Using baseline values that I think are plausible, the Combs development fails both the 7 and 10 year rules.  It barely passes the discount rule.  Using several different scenarios, the Combs project fails most applications of the 7 year rule.  However, if anyone wants to suggest other values, I can plug them in.




I am not suggesting that only fiscal impacts should be taken into consideration when making a decision of whether or not to participate in development costs.  As I mentioned earlier, one should consider the other external benefits (e.g., jobs, transportation costs).  Furthermore, the credit worthiness of the developer in question is important (to gauge the risks of incurring additional administrative costs if the project is not finished according to specs).  Finally, one should consider whether the new ordinance would be legally, ethically, or politically kosher.  I have listed below some of the “pros” and “cons” of the issue as I see them:


PROS  (Mostly Intangibles)

(1) Change in policy may have positive fiscal impact.

(2) Change in policy would augment city housing stock.

(3) Change in policy would might stimulate city housing construction.

(4) Change in policy could potentially help fill in city transportation grid.

(5) Change in policy could improve city esthetically.

(6) Change in policy would help iron out inconsistencies that exist with respect to other parts of the city code that address city participation in existing street improvements and annexations.

(7) Change in policy would signal to business community that city is serious about housing issues and is prepared to bear the potential costs and risks to affect the situation.



(1) Change in policy may lead to instances where project has a negative fiscal impact.

(2) Change in policy could lead to potential bias/favoritism in deciding city participation.

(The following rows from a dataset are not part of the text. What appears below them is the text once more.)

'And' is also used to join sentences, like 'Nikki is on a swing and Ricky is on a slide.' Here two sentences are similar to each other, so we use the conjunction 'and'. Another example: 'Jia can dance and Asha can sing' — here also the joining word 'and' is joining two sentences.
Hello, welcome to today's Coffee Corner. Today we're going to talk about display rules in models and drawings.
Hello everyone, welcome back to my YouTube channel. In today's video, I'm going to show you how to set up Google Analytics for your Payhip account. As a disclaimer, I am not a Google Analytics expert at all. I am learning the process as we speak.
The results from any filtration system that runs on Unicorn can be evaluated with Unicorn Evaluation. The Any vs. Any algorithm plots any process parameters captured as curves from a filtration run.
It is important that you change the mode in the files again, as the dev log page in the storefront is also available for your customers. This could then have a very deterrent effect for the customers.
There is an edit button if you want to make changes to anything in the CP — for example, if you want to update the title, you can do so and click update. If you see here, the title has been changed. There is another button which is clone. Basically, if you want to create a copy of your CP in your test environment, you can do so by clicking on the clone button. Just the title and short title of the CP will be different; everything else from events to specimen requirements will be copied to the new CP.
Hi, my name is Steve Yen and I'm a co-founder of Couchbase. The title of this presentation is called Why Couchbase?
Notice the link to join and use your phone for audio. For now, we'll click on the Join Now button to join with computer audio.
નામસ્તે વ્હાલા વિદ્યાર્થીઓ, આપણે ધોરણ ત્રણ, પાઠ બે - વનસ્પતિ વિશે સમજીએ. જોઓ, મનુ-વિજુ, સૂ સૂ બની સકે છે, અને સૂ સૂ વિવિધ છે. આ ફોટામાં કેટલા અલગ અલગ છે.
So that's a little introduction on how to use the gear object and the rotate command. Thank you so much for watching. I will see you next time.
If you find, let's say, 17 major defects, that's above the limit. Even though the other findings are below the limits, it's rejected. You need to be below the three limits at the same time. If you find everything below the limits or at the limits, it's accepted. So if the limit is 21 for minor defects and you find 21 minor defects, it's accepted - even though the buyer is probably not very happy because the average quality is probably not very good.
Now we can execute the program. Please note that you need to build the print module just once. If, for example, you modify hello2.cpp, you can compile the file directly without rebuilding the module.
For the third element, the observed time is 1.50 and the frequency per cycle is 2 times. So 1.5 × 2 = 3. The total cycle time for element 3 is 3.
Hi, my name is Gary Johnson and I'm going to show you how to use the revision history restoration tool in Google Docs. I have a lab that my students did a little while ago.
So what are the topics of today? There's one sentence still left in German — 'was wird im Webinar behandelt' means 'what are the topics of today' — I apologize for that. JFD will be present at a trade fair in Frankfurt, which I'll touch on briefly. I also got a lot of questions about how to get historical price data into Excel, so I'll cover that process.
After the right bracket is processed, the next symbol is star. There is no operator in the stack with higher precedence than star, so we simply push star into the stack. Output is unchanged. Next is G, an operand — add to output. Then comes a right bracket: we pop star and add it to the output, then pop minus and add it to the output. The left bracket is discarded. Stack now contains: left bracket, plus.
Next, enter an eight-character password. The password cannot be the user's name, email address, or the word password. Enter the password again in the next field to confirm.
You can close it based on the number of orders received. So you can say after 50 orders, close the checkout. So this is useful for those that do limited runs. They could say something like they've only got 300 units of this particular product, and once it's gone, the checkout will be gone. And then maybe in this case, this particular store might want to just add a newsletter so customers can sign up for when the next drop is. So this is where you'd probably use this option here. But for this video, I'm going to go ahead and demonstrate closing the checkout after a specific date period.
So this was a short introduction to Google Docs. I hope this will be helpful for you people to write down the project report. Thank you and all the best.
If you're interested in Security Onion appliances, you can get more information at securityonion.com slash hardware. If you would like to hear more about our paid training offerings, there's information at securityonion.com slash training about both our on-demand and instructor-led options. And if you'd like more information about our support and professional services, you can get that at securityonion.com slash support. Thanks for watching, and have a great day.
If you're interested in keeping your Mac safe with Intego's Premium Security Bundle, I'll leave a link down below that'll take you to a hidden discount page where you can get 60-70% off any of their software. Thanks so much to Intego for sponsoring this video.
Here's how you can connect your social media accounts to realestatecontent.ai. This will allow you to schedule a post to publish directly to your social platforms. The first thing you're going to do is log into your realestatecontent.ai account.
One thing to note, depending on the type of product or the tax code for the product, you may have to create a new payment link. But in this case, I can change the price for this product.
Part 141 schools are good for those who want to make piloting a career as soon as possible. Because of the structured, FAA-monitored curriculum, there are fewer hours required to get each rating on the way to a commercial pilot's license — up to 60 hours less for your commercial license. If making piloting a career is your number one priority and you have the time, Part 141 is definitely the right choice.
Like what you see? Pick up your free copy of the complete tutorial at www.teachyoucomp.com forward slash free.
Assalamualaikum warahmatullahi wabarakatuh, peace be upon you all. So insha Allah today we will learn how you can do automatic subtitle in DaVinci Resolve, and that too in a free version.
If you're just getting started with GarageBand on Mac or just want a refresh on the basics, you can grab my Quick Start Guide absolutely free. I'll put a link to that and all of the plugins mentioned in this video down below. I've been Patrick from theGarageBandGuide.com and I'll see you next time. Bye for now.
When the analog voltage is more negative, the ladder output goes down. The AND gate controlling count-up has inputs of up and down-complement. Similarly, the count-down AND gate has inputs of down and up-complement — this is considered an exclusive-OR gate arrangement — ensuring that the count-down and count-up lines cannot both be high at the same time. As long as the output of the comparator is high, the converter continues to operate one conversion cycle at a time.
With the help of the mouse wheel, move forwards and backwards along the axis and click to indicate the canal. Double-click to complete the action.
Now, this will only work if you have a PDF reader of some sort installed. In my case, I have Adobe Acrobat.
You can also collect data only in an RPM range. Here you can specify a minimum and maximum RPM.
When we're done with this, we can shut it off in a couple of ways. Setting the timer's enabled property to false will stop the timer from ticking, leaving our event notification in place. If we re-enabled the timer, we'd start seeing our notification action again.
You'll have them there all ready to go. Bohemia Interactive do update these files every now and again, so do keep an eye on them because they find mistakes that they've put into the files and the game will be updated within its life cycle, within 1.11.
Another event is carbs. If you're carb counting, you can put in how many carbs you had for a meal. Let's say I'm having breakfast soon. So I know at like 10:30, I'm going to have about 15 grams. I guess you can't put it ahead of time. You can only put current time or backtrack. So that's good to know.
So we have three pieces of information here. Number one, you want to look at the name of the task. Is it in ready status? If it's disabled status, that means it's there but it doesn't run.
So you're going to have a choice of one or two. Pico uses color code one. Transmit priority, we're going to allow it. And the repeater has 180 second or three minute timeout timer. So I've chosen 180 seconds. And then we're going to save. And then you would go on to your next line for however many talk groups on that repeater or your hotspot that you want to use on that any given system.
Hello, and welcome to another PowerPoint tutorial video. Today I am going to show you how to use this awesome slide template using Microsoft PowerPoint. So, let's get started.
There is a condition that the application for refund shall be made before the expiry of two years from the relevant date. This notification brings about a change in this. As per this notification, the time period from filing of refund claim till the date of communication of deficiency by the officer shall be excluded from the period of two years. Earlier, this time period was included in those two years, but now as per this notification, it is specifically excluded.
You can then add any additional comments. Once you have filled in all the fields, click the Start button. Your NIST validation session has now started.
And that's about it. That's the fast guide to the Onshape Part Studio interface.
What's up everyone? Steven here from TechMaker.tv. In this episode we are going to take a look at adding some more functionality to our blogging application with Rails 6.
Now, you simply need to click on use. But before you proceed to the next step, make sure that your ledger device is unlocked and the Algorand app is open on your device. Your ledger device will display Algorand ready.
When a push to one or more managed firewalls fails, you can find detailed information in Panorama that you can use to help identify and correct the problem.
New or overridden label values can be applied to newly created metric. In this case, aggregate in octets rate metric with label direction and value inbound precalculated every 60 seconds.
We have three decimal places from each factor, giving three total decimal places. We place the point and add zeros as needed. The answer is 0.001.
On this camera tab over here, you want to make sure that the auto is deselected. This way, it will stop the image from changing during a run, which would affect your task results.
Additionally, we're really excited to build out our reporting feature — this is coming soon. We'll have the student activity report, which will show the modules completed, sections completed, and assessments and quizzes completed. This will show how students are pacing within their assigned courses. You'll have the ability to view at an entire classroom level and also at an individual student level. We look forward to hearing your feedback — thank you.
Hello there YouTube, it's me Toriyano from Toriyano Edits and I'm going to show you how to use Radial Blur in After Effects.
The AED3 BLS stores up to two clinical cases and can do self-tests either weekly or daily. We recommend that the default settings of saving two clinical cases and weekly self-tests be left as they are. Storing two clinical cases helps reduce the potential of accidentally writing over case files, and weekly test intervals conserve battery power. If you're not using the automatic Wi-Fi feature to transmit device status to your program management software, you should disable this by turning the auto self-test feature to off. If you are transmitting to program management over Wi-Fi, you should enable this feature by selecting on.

(3) Change in policy could introduce high level of complexity into decision-making that average person is not equipped to understand.  Most of the important parameters in determining whether the policy will lead to positive fiscal impacts are highly speculative.

(4) Change in policy might potentially result in a less transparency in decision-making.

(5) Change in policy leads to inconsistencies with respect to treatment of major subdivision developers if they are excluded.

(6) Change in policy would make the city a real estate market speculator (because neither future interest rates, property values, or participant reliability can be known with certainty).

(7) Even if the project yields a positive fiscal impact, the rate of return from the investment may be lower than what can be obtained by investing in short-term securities (e.g., money market).

(8) Although fairly common several decades ago, few if any municipalities currently offer subdivision municipal infrastructure assistance programs like the one proposed here.  Why not?

(9) If the program proposed here is desirable, why hasn’t the County offered to participate in some fashion as well?


1In addition, Mr. Combs has asked the City to provide water taps for the development because of his willingness earlier to consent to a property easement on Winifred Road.  This issue is distinct from the question of whether or not the City should in principle participate in such projects and should not be raised in the same.